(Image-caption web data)
————————

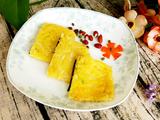 米饭土豆饼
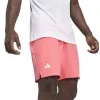 Adidas Ergo 7 Crimson Red Shorts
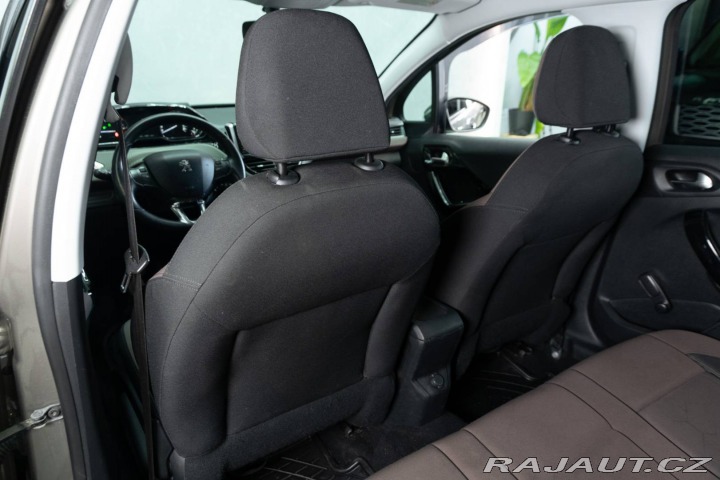 Peugeot 2008 1.2 Vti Active 2013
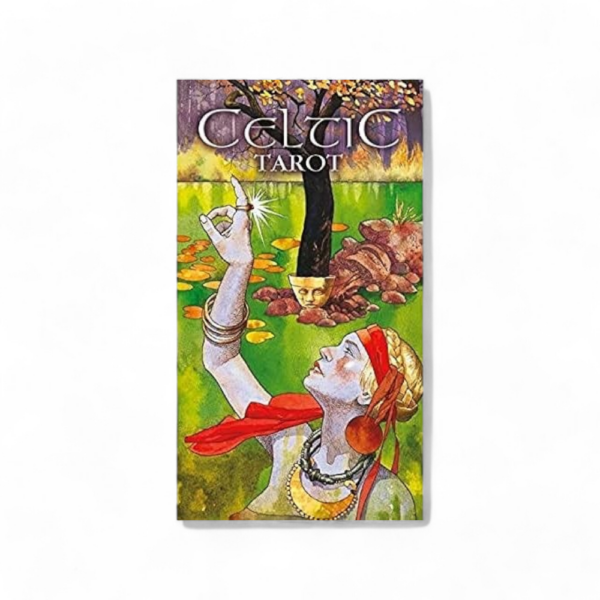 Celtic Tarot Deck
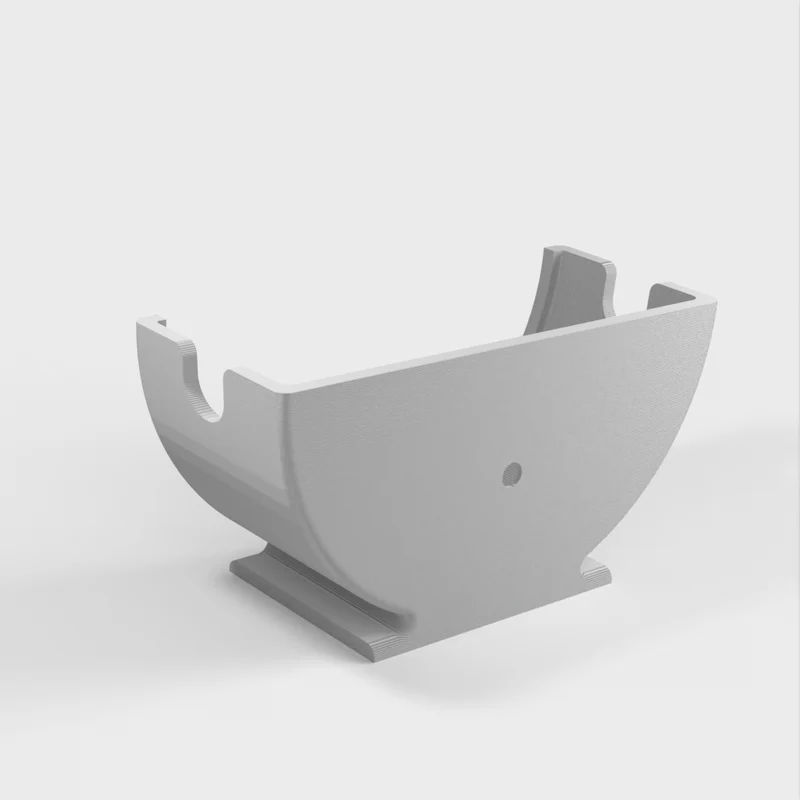 Support vertical pour Alexa Echo Dot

————————

Each entry, start to finish, goes into your copy exactly; the pictures stay out.

 米饭土豆饼
 Adidas Ergo 7 Crimson Red Shorts
 Peugeot 2008 1.2 Vti Active 2013
 Celtic Tarot Deck
 Support vertical pour Alexa Echo Dot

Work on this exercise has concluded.